7. Si, à la date à laquelle l'acte de naissance en date du 31 octobre 2002 a été dressé l'enfant était âgé d'un mois et trois jours, il ne résulte pas des dispositions précitées qu'elles interdisent à l'officier d'état civil de recevoir, entre le mois de l'accouchement et le délai de deux ans fixé au 2° de l'article 55, les déclarations de naissance.
8. D'autre part, aux termes de l'article 56 du code civil haïtien : " L'acte de naissance énoncera le jour, l'heure et le lieu de naissance, le sexe de l'enfant et les prénoms qui lui seront donnés, les prénoms et noms, professions et domiciles des père et mère, ou de la mère seulement, si le père n'a pas fait la déclaration, enfin ceux des témoins ". Ces dispositions, qui s'appliquent spécifiquement aux actes de naissance, précisent les mentions que doivent comporter cet acte. Il ressort des pièces du dossier, et contrairement à ce que soutient le ministre, que l'acte de naissance établi le 31 octobre 2002 contient l'ensemble de ces mentions.
9. Par ailleurs, avait également été produit un extrait des registres de l'état civil délivré par la direction des archives nationales d'Haïti, qui conserve le double des registres de l'état civil haïtien. Il ressort de ce dernier document que les numéros du registre et de la page sont concordants avec ceux mentionnés dans l'extrait d'acte de naissance dressé le 31 octobre 2002. Par suite, la seule discordance portant sur le numéro de l'acte n'est pas de nature à ôter à chacun de ces documents leur caractère probant.

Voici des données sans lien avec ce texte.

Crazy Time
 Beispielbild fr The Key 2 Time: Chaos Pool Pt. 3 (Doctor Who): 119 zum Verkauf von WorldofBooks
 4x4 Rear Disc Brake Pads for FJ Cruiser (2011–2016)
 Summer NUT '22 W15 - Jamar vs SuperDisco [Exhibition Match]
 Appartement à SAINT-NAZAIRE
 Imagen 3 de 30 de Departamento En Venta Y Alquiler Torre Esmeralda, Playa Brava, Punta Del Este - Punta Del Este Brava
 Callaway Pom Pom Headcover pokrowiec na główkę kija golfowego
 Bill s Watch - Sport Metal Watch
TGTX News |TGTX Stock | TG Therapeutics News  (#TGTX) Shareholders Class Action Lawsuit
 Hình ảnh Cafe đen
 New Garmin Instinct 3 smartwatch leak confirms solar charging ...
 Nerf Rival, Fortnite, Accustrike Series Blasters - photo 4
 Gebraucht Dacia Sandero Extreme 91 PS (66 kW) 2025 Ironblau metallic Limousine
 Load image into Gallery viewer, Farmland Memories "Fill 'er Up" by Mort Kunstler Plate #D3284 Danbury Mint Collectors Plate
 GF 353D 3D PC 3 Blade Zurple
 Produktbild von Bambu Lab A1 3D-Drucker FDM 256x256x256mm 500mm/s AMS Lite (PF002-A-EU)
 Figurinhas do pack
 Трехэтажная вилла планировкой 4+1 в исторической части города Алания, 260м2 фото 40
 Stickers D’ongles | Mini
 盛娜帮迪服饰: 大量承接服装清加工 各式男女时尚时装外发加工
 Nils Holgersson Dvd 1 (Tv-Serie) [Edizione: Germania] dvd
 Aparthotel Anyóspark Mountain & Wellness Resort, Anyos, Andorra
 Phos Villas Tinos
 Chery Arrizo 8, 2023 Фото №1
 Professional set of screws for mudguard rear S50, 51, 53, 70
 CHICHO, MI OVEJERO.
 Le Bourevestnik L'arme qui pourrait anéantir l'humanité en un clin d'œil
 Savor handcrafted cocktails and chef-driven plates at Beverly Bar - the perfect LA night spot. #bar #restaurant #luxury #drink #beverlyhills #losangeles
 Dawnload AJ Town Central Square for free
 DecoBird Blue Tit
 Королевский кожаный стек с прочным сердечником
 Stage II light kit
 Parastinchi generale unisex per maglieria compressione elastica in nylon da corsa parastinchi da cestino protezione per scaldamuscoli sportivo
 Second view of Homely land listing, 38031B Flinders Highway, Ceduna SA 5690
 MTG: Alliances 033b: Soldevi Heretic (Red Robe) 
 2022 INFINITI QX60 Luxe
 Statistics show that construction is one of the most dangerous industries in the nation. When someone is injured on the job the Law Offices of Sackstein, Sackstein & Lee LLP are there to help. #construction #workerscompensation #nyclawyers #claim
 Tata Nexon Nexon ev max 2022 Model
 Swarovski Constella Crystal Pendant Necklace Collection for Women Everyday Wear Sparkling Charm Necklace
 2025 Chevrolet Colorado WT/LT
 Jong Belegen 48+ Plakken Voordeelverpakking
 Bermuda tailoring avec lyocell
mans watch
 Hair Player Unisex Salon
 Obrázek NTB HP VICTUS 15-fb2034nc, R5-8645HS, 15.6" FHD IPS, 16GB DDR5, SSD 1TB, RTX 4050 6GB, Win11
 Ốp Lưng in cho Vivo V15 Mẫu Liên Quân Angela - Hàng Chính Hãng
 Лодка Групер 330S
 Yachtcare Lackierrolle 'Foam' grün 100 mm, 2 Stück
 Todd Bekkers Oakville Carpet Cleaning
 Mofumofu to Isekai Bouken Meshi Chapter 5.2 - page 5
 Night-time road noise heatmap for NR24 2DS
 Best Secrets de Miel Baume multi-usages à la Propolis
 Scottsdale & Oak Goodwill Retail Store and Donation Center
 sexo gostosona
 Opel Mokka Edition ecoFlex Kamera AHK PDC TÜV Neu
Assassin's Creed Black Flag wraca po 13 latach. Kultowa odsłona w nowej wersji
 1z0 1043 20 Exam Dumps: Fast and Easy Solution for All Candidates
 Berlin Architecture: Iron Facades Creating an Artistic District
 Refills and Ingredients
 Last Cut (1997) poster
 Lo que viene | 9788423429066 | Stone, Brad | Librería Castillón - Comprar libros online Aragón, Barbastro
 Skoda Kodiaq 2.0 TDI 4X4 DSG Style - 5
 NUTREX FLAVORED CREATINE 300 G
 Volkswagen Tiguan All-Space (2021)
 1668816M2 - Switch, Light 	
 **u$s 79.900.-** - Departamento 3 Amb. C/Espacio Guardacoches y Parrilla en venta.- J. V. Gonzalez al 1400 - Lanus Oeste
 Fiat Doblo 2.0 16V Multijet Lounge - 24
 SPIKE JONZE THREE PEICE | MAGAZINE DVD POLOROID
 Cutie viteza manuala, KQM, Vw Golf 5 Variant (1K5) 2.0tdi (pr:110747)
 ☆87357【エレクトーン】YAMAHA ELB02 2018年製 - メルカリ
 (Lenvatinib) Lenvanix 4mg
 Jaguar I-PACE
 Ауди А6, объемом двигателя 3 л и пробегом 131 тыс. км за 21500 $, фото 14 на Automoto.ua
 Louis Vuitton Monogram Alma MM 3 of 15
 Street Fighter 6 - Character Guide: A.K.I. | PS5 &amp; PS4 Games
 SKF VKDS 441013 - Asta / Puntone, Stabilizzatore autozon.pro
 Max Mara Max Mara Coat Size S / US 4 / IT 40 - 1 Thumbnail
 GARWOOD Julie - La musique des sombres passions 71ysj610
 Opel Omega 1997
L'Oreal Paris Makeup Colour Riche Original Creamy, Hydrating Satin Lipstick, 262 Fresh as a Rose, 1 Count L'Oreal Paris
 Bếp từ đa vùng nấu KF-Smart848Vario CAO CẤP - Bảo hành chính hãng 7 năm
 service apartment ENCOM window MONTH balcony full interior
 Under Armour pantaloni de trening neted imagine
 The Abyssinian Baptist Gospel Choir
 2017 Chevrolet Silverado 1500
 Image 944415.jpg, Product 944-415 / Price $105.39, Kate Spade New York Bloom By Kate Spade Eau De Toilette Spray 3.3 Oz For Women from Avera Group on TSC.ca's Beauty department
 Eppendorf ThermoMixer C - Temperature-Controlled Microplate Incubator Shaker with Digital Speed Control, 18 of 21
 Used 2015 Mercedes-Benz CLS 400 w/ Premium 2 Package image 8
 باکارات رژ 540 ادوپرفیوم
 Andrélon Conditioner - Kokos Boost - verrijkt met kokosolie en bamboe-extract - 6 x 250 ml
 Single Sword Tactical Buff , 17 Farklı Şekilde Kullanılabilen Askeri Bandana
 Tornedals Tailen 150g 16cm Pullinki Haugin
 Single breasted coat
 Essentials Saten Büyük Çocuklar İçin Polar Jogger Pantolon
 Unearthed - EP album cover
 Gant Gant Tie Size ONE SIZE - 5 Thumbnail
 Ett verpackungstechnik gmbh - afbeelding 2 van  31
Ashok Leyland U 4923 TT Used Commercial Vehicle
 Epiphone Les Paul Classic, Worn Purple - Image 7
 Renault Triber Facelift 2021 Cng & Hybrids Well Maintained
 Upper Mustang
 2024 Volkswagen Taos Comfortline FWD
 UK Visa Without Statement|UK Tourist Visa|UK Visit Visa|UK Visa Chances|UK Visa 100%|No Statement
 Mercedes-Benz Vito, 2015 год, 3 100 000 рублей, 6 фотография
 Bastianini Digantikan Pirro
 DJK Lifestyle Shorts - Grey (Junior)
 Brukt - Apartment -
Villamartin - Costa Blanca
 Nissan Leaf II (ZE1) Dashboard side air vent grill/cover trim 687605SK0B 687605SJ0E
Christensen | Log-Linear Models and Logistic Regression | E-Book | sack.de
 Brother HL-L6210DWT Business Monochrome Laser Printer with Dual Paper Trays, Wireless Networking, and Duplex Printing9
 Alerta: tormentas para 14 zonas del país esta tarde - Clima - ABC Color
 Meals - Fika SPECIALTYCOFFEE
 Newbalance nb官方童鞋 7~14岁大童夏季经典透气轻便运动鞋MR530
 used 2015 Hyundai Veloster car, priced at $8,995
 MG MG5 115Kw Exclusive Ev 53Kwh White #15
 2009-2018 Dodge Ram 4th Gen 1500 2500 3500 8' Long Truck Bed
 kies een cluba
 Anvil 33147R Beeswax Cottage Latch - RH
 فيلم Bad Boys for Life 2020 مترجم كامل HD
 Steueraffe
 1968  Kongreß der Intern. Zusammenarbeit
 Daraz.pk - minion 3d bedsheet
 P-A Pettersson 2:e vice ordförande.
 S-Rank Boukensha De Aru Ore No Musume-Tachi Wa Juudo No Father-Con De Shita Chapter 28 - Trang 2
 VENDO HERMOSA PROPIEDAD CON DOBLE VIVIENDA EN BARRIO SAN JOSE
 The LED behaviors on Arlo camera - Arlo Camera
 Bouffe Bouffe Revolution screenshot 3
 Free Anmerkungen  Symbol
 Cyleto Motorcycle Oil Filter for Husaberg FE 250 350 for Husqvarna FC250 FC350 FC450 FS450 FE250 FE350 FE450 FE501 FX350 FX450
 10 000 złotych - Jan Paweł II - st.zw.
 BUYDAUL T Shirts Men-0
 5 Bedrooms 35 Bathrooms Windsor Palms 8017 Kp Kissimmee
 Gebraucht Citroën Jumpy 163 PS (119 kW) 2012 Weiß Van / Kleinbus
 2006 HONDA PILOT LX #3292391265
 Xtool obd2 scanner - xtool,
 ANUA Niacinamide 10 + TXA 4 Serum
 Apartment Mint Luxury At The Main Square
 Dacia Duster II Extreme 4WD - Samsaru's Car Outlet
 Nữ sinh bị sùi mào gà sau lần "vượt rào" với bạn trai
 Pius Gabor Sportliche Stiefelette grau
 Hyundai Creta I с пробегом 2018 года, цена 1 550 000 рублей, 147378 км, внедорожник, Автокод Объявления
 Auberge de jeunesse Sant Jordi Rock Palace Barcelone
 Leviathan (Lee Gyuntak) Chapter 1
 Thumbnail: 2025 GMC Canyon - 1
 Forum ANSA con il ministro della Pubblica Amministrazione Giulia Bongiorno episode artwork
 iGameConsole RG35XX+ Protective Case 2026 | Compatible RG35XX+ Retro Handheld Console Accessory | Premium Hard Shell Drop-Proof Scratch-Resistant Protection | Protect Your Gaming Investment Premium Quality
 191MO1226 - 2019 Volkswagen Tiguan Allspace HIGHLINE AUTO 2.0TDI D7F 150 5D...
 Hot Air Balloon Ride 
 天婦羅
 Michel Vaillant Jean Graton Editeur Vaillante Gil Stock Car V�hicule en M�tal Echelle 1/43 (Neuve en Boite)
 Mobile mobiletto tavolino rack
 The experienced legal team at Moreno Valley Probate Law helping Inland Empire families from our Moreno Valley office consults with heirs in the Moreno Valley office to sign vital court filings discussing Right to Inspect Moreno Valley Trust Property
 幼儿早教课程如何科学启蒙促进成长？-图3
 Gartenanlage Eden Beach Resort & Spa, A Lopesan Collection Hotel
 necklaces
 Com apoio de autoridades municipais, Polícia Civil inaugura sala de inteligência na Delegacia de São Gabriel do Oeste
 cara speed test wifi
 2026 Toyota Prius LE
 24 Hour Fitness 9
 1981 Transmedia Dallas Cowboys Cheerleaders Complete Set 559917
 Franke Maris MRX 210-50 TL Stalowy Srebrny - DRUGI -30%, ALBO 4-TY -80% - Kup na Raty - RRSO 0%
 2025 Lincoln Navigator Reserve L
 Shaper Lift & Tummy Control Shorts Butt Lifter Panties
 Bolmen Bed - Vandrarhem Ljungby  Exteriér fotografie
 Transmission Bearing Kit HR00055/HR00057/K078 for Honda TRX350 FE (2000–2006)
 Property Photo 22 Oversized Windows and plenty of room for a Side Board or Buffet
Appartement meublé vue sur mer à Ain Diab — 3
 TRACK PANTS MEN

Par ailleurs, ce certificat reprenant les mentions apposées dans l'acte de naissance figurant dans le double du registre que lui a adressé l'officier d'état civil, le ministre ne saurait utilement faire valoir, pour contester le caractère authentique de ces actes, la circonstance que l'extrait des registres de l'état civil délivré par la direction des archives nationales d'Haïti a omis de reprendre, dans l'adresse du comparant, la mention " de passage ", cette omission mineure étant au demeurant sans incidence pour apprécier le lien de filiation dès lors que les autres mentions restent identiques.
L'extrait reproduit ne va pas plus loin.